What the task requires:
Below are some records. Pull every line that contains the word "Stainless".

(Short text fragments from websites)

□ □ □

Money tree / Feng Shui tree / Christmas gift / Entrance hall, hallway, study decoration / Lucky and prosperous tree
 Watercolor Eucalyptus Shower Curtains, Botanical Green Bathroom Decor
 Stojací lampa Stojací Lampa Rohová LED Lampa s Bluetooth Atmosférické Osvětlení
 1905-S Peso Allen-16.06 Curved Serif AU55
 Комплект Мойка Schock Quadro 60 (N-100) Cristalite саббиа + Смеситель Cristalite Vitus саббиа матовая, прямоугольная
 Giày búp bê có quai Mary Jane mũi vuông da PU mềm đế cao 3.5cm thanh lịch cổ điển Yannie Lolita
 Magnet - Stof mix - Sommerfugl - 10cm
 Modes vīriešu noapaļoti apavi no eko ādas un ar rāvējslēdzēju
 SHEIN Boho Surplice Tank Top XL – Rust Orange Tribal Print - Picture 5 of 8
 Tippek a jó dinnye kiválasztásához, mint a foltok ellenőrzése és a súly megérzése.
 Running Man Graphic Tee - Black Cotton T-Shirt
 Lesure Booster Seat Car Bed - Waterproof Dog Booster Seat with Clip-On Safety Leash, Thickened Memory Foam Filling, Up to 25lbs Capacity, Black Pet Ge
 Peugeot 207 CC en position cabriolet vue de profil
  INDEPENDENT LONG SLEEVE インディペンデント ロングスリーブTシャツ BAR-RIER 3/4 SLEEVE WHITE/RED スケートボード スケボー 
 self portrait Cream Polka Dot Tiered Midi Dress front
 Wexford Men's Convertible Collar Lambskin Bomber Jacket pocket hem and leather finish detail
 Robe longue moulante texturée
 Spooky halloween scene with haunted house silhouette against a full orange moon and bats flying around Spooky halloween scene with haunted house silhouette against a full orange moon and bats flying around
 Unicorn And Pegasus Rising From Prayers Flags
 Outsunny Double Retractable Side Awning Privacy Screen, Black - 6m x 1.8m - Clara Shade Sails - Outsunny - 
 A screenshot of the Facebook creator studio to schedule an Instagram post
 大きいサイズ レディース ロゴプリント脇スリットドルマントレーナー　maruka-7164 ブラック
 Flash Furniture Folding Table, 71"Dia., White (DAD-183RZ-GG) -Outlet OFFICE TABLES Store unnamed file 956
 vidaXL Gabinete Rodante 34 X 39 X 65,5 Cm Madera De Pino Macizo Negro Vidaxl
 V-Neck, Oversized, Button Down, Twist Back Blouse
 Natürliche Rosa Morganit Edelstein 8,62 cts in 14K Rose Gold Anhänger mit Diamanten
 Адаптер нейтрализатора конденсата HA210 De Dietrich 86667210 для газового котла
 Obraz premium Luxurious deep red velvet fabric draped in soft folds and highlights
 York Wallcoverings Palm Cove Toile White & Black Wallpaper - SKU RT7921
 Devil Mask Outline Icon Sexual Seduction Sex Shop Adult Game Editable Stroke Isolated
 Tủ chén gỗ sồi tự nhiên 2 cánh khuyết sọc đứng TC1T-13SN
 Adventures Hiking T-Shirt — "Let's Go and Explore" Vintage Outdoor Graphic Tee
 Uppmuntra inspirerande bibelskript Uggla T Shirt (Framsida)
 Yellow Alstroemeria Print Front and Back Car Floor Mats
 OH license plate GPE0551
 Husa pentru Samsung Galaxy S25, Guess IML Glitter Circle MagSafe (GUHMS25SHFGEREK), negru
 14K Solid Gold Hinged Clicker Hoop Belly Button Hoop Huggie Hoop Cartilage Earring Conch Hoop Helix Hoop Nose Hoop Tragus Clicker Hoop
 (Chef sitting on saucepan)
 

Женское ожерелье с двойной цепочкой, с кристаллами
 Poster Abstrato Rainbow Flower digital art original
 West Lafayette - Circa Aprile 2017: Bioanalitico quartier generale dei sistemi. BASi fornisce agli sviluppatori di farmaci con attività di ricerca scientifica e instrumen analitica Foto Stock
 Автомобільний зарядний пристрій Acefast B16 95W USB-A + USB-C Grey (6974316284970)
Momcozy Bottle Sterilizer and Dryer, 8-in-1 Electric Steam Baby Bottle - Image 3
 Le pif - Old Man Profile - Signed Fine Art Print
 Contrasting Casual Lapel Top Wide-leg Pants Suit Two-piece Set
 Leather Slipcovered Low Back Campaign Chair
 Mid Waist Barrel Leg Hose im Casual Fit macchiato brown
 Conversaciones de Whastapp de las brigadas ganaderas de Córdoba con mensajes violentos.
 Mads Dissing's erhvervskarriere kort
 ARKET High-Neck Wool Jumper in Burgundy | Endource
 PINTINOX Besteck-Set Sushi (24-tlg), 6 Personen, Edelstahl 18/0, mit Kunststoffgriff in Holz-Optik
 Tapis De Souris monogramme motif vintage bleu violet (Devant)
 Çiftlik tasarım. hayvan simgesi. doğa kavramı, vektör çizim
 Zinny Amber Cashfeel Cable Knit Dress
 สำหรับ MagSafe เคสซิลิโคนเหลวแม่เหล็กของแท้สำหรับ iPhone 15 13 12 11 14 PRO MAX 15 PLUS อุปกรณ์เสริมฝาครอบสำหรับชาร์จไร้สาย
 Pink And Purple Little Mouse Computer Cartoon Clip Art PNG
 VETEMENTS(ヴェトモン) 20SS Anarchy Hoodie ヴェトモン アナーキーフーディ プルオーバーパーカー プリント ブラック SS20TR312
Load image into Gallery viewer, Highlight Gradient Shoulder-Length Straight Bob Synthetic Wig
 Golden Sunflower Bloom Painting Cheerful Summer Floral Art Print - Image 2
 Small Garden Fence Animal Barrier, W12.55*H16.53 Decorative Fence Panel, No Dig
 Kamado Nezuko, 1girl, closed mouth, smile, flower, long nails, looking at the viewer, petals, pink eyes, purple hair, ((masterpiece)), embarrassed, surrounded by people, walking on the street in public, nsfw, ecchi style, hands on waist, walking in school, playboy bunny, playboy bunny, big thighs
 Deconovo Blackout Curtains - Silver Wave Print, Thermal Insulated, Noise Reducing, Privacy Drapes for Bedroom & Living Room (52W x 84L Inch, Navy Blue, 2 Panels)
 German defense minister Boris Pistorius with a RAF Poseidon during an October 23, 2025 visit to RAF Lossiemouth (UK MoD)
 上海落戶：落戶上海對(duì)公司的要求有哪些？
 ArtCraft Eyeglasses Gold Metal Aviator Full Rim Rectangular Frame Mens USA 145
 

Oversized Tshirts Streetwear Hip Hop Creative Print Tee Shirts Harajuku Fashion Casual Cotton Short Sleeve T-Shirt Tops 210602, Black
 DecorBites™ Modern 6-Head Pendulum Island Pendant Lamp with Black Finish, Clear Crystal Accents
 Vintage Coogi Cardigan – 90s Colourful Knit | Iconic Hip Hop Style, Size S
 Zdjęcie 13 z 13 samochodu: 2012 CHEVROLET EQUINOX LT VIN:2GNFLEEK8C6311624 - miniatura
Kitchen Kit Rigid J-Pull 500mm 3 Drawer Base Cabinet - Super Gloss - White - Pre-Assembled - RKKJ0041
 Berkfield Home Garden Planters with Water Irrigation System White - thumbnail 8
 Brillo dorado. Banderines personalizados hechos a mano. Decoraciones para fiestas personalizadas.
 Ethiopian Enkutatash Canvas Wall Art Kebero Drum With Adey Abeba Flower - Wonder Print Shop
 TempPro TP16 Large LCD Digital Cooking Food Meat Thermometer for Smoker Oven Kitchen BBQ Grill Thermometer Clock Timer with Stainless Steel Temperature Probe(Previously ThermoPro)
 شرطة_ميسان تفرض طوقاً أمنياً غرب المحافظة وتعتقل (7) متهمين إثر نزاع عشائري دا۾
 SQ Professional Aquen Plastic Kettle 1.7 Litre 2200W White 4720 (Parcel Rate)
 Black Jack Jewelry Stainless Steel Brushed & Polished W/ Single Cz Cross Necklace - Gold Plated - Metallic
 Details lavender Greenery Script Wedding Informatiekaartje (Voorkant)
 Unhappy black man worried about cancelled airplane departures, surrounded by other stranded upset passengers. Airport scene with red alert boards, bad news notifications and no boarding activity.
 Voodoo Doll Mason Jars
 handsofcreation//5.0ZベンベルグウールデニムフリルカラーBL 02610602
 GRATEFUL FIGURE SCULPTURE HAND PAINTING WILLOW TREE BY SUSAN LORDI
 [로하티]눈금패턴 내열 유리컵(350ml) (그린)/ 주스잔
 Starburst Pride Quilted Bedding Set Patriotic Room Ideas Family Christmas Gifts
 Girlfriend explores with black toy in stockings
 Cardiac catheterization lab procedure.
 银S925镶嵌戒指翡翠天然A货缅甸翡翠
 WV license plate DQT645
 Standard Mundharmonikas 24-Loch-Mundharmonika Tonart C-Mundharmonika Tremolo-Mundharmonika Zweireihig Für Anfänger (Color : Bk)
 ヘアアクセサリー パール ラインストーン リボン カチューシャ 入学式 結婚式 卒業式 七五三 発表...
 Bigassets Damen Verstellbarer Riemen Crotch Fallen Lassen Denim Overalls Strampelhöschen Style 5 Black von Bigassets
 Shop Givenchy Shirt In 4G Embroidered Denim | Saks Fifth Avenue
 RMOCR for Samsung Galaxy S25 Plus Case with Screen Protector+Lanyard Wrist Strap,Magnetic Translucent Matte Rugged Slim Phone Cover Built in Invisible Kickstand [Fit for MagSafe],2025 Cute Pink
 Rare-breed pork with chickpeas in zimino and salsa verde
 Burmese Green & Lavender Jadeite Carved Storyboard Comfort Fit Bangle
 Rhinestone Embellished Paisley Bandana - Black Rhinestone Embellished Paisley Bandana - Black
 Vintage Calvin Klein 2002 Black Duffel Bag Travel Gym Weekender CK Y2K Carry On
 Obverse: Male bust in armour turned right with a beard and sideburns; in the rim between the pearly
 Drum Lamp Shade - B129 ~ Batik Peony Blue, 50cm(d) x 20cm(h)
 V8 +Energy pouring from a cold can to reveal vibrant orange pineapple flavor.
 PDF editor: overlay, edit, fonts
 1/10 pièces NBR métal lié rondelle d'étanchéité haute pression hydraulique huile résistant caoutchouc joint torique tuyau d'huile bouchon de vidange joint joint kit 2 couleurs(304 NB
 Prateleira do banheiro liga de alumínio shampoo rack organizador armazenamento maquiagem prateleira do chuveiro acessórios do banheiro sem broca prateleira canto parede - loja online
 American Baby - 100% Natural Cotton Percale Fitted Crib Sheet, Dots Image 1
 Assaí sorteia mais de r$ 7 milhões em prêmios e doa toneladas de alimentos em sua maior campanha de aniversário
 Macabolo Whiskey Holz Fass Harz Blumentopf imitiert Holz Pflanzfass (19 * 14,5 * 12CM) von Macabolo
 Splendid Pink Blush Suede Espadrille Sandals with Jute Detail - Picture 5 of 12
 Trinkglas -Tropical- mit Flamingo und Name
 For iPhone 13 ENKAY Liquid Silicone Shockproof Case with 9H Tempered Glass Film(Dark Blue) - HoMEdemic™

□ □ □

Solution below:
 TempPro TP16 Large LCD Digital Cooking Food Meat Thermometer for Smoker Oven Kitchen BBQ Grill Thermometer Clock Timer with Stainless Steel Temperature Probe(Previously ThermoPro)
 Black Jack Jewelry Stainless Steel Brushed & Polished W/ Single Cz Cross Necklace - Gold Plated - Metallic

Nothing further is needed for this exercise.